Hallo Emma *:)


    Ich hatte kürzlich mit einer Freundin das Thema, dass negative Dinge aus der Kindheit sich beim eigenen Kind widerholen könnten.


    Auf meine ängstliche Frage hin, ob mir das dann auch so ergehen würde meinte sie nur:


    Du hast dich damit auseinandergesetzt, du bist dir dessen bewusst, du machst dir Gedanken, du reflektierst!


    Nein, das wird bei dir ganz sicher nicht so laufen!


    Ich denke dieser Satz passt auch auf dich :)*


    Glückwunsch von einer Jungenmama, die schon jetzt keine Lust auf Ritterspiele und Drachensteigen hat, ihren Kleinen aber trotzdem niemals eintauschen würde @:)

    Emma


    Ich habe jetzt den Faden nur schnell quergelesen (deinen Anfang aber ausfuehrlich), von daher gibt's jetzt eventuell Wiederholungen oder Missverstaendnisse. Wie dem auch sei.
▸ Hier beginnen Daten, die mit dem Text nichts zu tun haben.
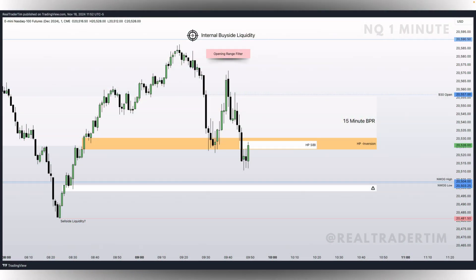We are progressing to the one minute timeframe, still on NASDAQ, and we're going to walk through what we were watching this morning. This is the internal buy side liquidity pool at 20,590.5 — that is where we want to see price go. After 930 open we're applying the opening range filter. When there's no 10 AM red folder news, the opening range filter spans from 930 AM to 950 Eastern time. This chart is backed up to just before the 950 macro. This is showing you the importance of time.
    Ich finde, dass du auf der ersten Seite sehr klar und einleuchtend erklaert hast, woher deine Probleme bei der Vorstellung, ein Maedchen zu bekommen, kommen. Das ist deine Geschichte, das bist du. So fuehlst du. Daran ist nichts falsch. Du darfst so fuehlen. Wie auch andere denke ich, der beste Schluessel ist, dass du dich genauso mit der Sache auseinandersetzt, wie du es anscheinend tust. Du bist ehrlich zu dir. Du erkennst deine Gefuehle an, auch wenn sie dir auf Anhieb "unpassend" oder "unpraktisch" vorkommen. Und du hast den Vorsatz, deine Tochter zu lieben und so gut es geht mit ihr umzugehen trotz dieser Gefuehle.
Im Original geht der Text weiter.